So: If this is true, then Molinists are heretics, right?

This makes me sad... - I really like William Lane Craig...would never have believed that he could not or would not make this simple connection.

What lengths Men will go to preserve their sovereignty!


----------



## Amazing Grace (Mar 18, 2008)

Ah the theology of the "moles".


----------



## toddpedlar (Mar 18, 2008)

Amazing Grace said:


> Ah the theology of the \"moles\".



Sadly, I was thinking of the doctrine of Molina.... 

[video=youtube;g9MpqbOaXdo]http://www.youtube.com/watch?v=g9MpqbOaXdo[/video]


----------



## panta dokimazete (Mar 18, 2008)

> William Lane Craig says "_n order for a counterfactual of freedom to be true, it is not required that the events to which they refer actually exist; all that is required is that they would exist under the specified conditions."[12]_


_

Would, could, luck and possibility - why should we play in the sandbox of the enemy and constrain God through the imaginations of Man?
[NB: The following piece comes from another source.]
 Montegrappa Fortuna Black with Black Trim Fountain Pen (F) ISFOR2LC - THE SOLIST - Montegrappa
What was, is and shall be is the under the exclusive authority of the sovereign God._


----------



## JohnOwen007 (Mar 18, 2008)

panta dokimazete said:


> So: If this is true, then Molinists are heretics, right?
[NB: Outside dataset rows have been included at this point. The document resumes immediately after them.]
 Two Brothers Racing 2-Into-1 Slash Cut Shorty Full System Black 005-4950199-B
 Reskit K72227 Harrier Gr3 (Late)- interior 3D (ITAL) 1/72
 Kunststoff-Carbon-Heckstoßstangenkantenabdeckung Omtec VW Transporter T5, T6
Depends on your definition of "heretics". "Heresy" is usually reserved for an error that prevents one from being saved. Are you willing to say that Bill Craig is actually not a Christian?


----------



## ChristopherPaul (Mar 18, 2008)

JohnOwen007 said:


> panta dokimazete said:
> 
> 
> > So: If this is true, then Molinists are heretics, right?
> ...



JD linked several definitions for "Heretics" in the portion you quoted. None of those definitions associate "Heretic" with being outside of Christ.


----------



## Davidius (Mar 18, 2008)

ChristopherPaul said:


> JohnOwen007 said:
> 
> 
> > panta dokimazete said:
> ...



Those definitions don't include the notion of excommunication, but I can't think of any heretics throughout church history who weren't excommunicated. This term has normally been reserved for those who deny the Trinity in one form or other, or, in a stricter (Protestant) sense, deny the true doctrine of justification.


----------



## Grymir (Mar 18, 2008)

Yea, and Molinism was what the Jesuits and Dominicans were fighting about during the time of the reformation. hmmm


----------



## ChristopherPaul (Mar 18, 2008)

Davidius said:


> ChristopherPaul said:
> 
> 
> > JohnOwen007 said:
> ...



If I was to be cast outside by the Church, then I should assume I am outside of Christ. This is one of the great assurances of Church membership (done in a Biblical manner).


----------



## JohnOwen007 (Mar 19, 2008)

ChristopherPaul said:


> JD linked several definitions for "Heretics" in the portion you quoted. None of those definitions associate "Heretic" with being outside of Christ.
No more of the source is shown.